> Work item:
Copy every line below precisely as it appears.
>>>>
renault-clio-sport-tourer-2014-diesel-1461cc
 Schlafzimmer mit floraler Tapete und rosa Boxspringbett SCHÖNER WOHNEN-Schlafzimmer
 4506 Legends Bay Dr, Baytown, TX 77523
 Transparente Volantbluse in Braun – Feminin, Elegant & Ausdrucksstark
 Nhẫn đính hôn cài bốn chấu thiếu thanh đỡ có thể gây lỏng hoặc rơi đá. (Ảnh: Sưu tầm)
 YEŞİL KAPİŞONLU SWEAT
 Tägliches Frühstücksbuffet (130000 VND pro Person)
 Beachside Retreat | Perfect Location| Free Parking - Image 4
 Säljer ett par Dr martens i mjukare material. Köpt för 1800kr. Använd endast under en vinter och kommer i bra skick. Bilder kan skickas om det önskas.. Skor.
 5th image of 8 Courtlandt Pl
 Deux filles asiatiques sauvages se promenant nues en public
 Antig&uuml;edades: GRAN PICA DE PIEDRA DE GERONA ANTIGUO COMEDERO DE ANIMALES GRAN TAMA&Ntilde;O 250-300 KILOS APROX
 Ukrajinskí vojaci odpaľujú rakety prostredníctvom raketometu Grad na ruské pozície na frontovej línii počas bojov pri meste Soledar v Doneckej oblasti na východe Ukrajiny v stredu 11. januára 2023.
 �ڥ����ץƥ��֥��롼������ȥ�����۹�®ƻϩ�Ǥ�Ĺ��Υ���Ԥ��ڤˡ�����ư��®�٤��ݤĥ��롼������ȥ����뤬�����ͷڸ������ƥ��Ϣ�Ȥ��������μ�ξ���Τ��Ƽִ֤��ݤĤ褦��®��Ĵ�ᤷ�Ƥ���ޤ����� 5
<<<<
> Solution for this problem:
renault-clio-sport-tourer-2014-diesel-1461cc
 Schlafzimmer mit floraler Tapete und rosa Boxspringbett SCHÖNER WOHNEN-Schlafzimmer
 4506 Legends Bay Dr, Baytown, TX 77523
 Transparente Volantbluse in Braun – Feminin, Elegant & Ausdrucksstark
 Nhẫn đính hôn cài bốn chấu thiếu thanh đỡ có thể gây lỏng hoặc rơi đá. (Ảnh: Sưu tầm)
 YEŞİL KAPİŞONLU SWEAT
 Tägliches Frühstücksbuffet (130000 VND pro Person)
 Beachside Retreat | Perfect Location| Free Parking - Image 4
 Säljer ett par Dr martens i mjukare material. Köpt för 1800kr. Använd endast under en vinter och kommer i bra skick. Bilder kan skickas om det önskas.. Skor.
 5th image of 8 Courtlandt Pl
 Deux filles asiatiques sauvages se promenant nues en public
 Antig&uuml;edades: GRAN PICA DE PIEDRA DE GERONA ANTIGUO COMEDERO DE ANIMALES GRAN TAMA&Ntilde;O 250-300 KILOS APROX
 Ukrajinskí vojaci odpaľujú rakety prostredníctvom raketometu Grad na ruské pozície na frontovej línii počas bojov pri meste Soledar v Doneckej oblasti na východe Ukrajiny v stredu 11. januára 2023.
 �ڥ����ץƥ��֥��롼������ȥ�����۹�®ƻϩ�Ǥ�Ĺ��Υ���Ԥ��ڤˡ�����ư��®�٤��ݤĥ��롼������ȥ����뤬�����ͷڸ������ƥ��Ϣ�Ȥ��������μ�ξ���Τ��Ƽִ֤��ݤĤ褦��®��Ĵ�ᤷ�Ƥ���ޤ����� 5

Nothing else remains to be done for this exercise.